All of them post nothing but retweets of other accounts popular in Russia:

Curiously, all their names are only typical to ethnic Russians. Names of real women from Russia would be much more varied—there would be a lot of typical Armenian, Ukrainian, Jewish, Georgian, and Tatar names that reflect Russia’s diversity: Melikyan, Petrenko, Rivkind, Gamkrelidze, Khamitova. But these spam bot accounts only have names such as Kuznetsova, Romanova, Ershova, Medvedeva, Kiseleva. If you aren’t familiar with the Russian culture, let me make a comparison to the U.S.: It’s like having a lot of people named Smith, Harris, Anderson, and Roberts, and nobody named Gonzalez, Khan, O’Connor, Rosenberg, or Kim. Maybe the spammers wanted to be more mainstream than mainstream, and maybe it is just overt racism.

I found them when I noticed that a lot of unfamiliar accounts with Russian female names were retweeting something by Pavel Durov in which I was mentioned. Durov is the founder of VK and Telegram, and I guess that he can be classified under “major internet businesses” in the list above. I noticed the similar taglines of the “women”, and immediately understood they are all spam bots.

These accounts are active. Some of them retweeted stuff while I was writing this post. I also keep getting retweet notifications, more than two weeks after Durov’s original tweet was posted.

When I am looking at any of these accounts, Twitter suggests me similar ones, and they are all in the same network: Russian female names, similar “everything is wonderful” taglines, similar content. So Twitter’s software understands that they are similar, but doesn’t understand that they are spam bots that should be utterly banned. I also noticed that some of them are still suggested to me after I blocked them, which goes against the whole point of blocking.

I don’t know how many there are of them in this network. Likely thousands. I reported thirty or so, and I wonder whether it’s efficient for anything.
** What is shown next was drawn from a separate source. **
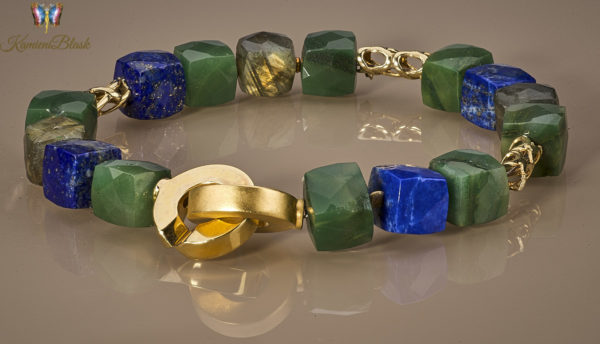 Bransoletka „tricolor” – jadeit, lapis lazuli i labradoryt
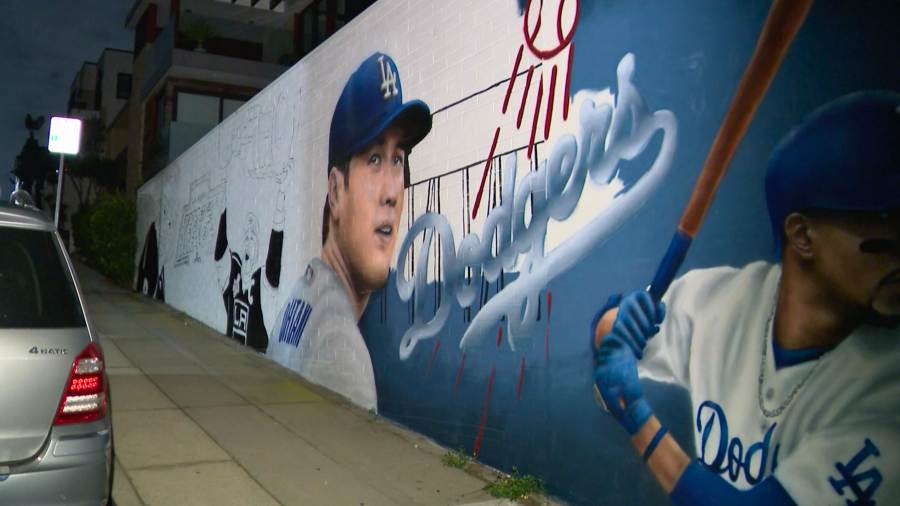 Shohei Ohtani celebrated in a mural on the side of a Hermosa Beach business is seen on Dec. 18, 2023.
I also don’t know what is their purpose. Boost the popularity of other Russian accounts? But those that they retweet are popular already. Waste the time of people who try to use Twitter productively? Maybe; at least it’s the effect in my case. Function as bot followers in “pay to follow” networks? Possibly, but they have existed for a year, and they don’t follow so many people.

I’m probably not discovering anything very new in this post. But especially if I don’t, it all the more makes me wonder why isn’t this problem already addressed somehow. At the very least it should be possible to report them more efficiently with one click or tap. And Twitter should also provide a form for mass-reporting; currently, Twitter’s guides about spam only suggest this: “The most effective way to report spam is to go directly to the offending account profile, click the drop-down menu in the upper right corner, and select “report account as spam” from the list.” It’s OK for one account, but it requires five clicks, and it doesn’t scale for something as systematic as what I am describing in this post.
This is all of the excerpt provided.